Saturday, July 18, 2015

"The Spread of Historically White Southern Values to Northern Republican Politicians"

"THERE'S NOTHING NEW ABOUT Northern manufacturers moving south to lower their labor costs. Textile factories, which had been located chiefly in New England, began to pop up in the South as early as the 1880s. In 1922, the average hourly wage in Massachusetts mills was 41 cents while in Alabama, it was 21 cents. Over the next six years, 40 percent of the Massachusetts factories shuttered their gates, and by the mid-1960s, the Southern textile industry was out-producing its Northern counterpart by a 24-to-1 margin.
"But the shift of higher-value manufacturing to the South since the 1960s, once the South was air-conditioned and its Jim Crow laws nullified, has had a more profound effect on the American economy.
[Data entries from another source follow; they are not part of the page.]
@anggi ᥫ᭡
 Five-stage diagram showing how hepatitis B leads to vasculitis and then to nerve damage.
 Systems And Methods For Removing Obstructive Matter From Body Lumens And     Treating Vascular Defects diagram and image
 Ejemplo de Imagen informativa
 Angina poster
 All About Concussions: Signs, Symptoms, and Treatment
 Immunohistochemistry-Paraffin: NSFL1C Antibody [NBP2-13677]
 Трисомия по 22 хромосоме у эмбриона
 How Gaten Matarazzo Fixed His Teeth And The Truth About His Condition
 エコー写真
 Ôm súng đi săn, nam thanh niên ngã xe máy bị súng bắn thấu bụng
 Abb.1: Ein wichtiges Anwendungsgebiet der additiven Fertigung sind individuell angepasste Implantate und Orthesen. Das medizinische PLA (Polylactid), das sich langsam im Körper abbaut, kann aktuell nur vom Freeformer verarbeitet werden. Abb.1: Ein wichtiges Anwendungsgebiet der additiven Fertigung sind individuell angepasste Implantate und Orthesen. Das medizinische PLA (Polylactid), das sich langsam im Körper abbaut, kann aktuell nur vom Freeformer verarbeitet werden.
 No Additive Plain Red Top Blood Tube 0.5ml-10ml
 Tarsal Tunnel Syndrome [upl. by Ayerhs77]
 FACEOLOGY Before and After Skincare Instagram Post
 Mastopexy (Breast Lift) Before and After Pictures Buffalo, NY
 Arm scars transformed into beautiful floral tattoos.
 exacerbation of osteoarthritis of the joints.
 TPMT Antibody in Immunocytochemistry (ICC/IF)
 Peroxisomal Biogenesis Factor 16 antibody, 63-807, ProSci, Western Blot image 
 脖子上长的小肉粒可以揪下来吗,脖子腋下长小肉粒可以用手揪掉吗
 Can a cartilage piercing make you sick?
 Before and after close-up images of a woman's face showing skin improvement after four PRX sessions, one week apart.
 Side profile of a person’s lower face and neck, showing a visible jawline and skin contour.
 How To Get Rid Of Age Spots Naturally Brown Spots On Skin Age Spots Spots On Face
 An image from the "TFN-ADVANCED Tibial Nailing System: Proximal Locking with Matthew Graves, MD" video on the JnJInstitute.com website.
Workers at the unionized auto, steel, aerospace, and other durable-goods factories in the Northern and Western states during the three decades following World War II attained a standard of living and of employment stability all but unknown to earlier generations of workers. Since the 1970s, however, that standard—and with it, the American middle class—has been eroded by the emergence of lower-wage competition from both the Global South and the domestic South."


Harold Meyerson in The American Prospect looks at the impact of the South's economy and politics on the nation's workers.